Adrien H. Cerdan scite author profile

Pore dilation is thought to be a hallmark of purinergic P2X receptors. The most commonly held view of this unusual process posits that under prolonged ATP exposure the ion pore expands in a striking manner from an initial small-cation conductive state to a dilated state, which allows the passage of larger synthetic cations, such as -methyl-d-glucamine (NMDG).

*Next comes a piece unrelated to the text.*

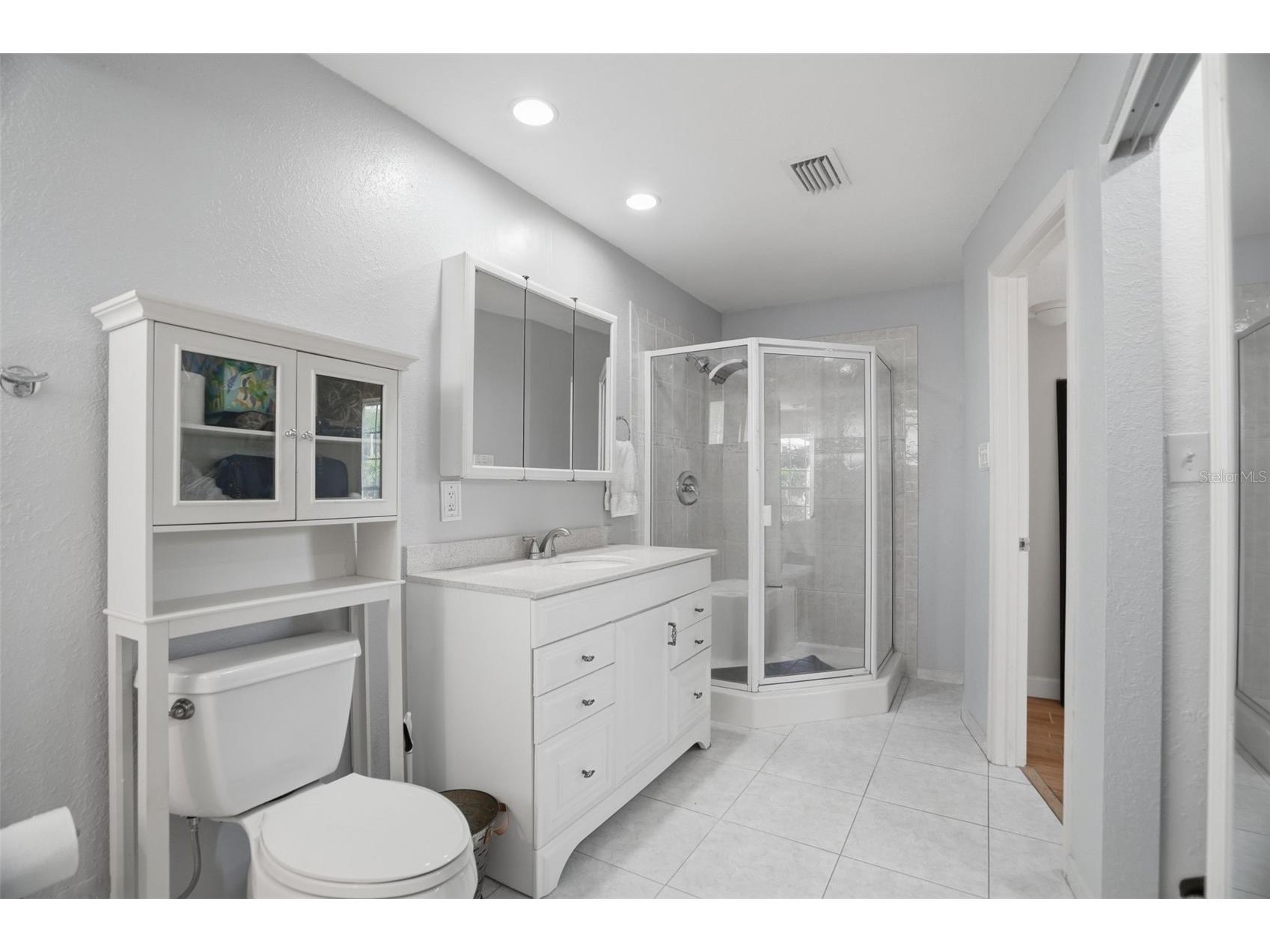 2150 Wrens Way Clearwater FL 33764 TB8511941 image41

However, this mechanism is controversial, and the identity of the natural large permeating cations remains elusive. Here, we provide evidence that, contrary to the time-dependent pore dilation model, ATP binding opens an NMDG-permeable channel within milliseconds, with a conductance that remains stable over time. We show that the time course of NMDG permeability superimposes that of Na and demonstrate that the molecular motions leading to the permeation of NMDG are very similar to those that drive Na flow. We found, however, that NMDG "percolates" 10 times slower than Na in the open state, likely due to a conformational and orientational selection of permeating molecules. We further uncover that several P2X receptors, including those able to desensitize, are permeable not only to NMDG but also to spermidine, a large natural cation involved in ion channel modulation, revealing a previously unrecognized P2X-mediated signaling. Altogether, our data do not support a time-dependent dilation of the pore on its own but rather reveal that the open pore of P2X receptors is wide enough to allow the permeation of large organic cations, including natural ones. This permeation mechanism has considerable physiological significance.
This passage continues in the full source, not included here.